Milton's republicanism emerges after the event. Before the execution of the king, there is no evidence that he had added constitutional radicalism to the array of heterodox and oppositional opinions he had shown in his pamphlets of 1641–5. But the increasing radicalism of the positions he assumed within the debates of that period makes his later commitment to Revolutionary Independency unsurprising.

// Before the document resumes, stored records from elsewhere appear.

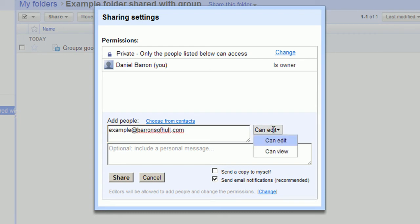You've got various options, either edit or view. Edit means that members of the group will be able to edit any files that are put inside that folder. Can view means that they'll simply be able to view them, but they won't be able to edit and delete them.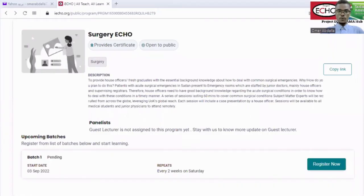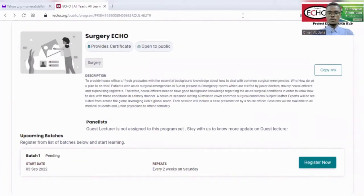The ECO platform is the single account that brings together all ECO programs and services. As a registered participant, you can easily access all the programs using your smartphone, laptop, or any other device. You will be able to access the full schedule of the program, and you will get automated reminders before each session.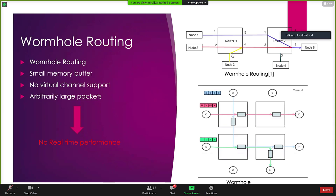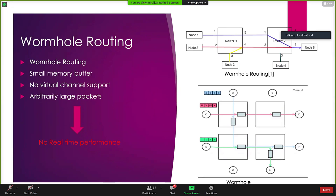Apart from this, there is no virtual channel support in SpaceWire. Virtual channels allow multiplexing of packets over a channel, so more than one packet can travel through one channel by dividing time between transmissions. Packets could be very large, making it even more difficult to predict when a packet will reach its destination. SpaceWire is used onboard a spacecraft where predictable behavior is really important, but these limitations make it non-deterministic with no real-time performance.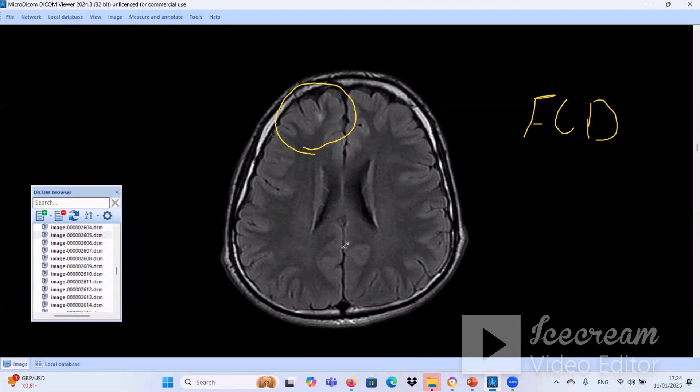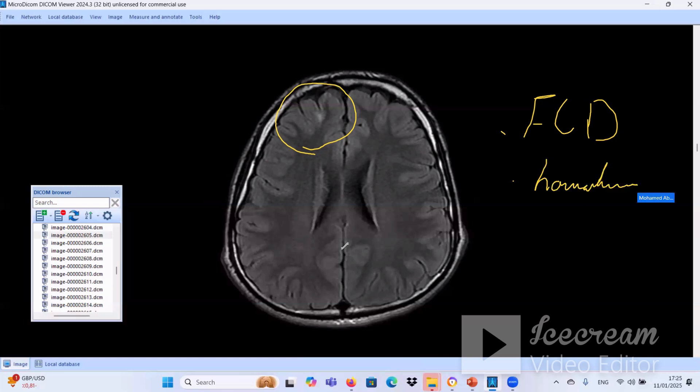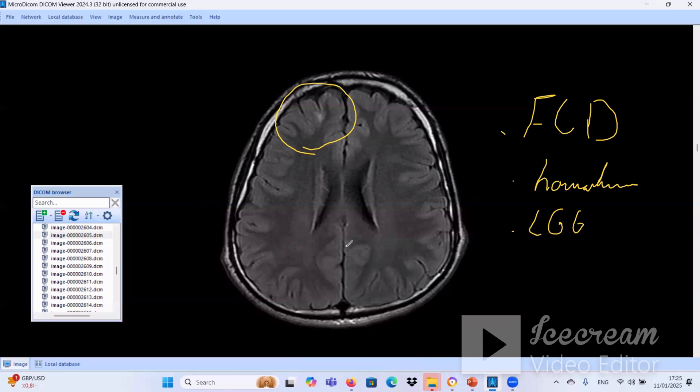We have three types of focal cortical dysplasia. Type 1 is abnormal signal intensity in the white matter. Type 2 is abnormal signal in the white matter with cortical thickening. Type 3 is focal cortical dysplasia with abnormal signal associated with other pathology. So we have here most likely focal cortical dysplasia. Our differential diagnosis in this one may be hematoma, may be starting low-grade glioma. So this one needs to be followed up — close follow-up is very important in this case.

Certainly Milton's subscription to a militant and uncompromising version of antiprelatism, a root-and-branchism which excluded compromise with anti-Laudian episcopalians, had, as early as 1642, signalled an incipient alienation from the Presbyterian position. He had begun to part company with those among more moderate puritans who were prepared to entertain a new church settlement with an episcopacy purged of its Laudian innovations, as some of the Smectymnuans evidently sought. By the time he published The Reason of Church-Government early in 1642 a discerning reader could detect in his uncertainties about the right response to the sects the stirrings of the Independent tendency. In his tracts of 1643–5 he manifested a singularity of doctrine (on the issue of divorce) indicative of one who could not for long expect to find a place in even a newly reformed and Presbyterian Church of England. In a sense, one can often best place a political writer by the identity of his enemies. Milton's divorce tracts provoked the sustained and probably coordinated attack of Presbyterians and others of a militantly anti-Independent orientation. His response to these assaults was both to reiterate his thesis, in The Judgement of Martin Bucer (1644) and Tetrachordon (1645), and to develop in Areopagitica an argument for limited toleration of Protestant.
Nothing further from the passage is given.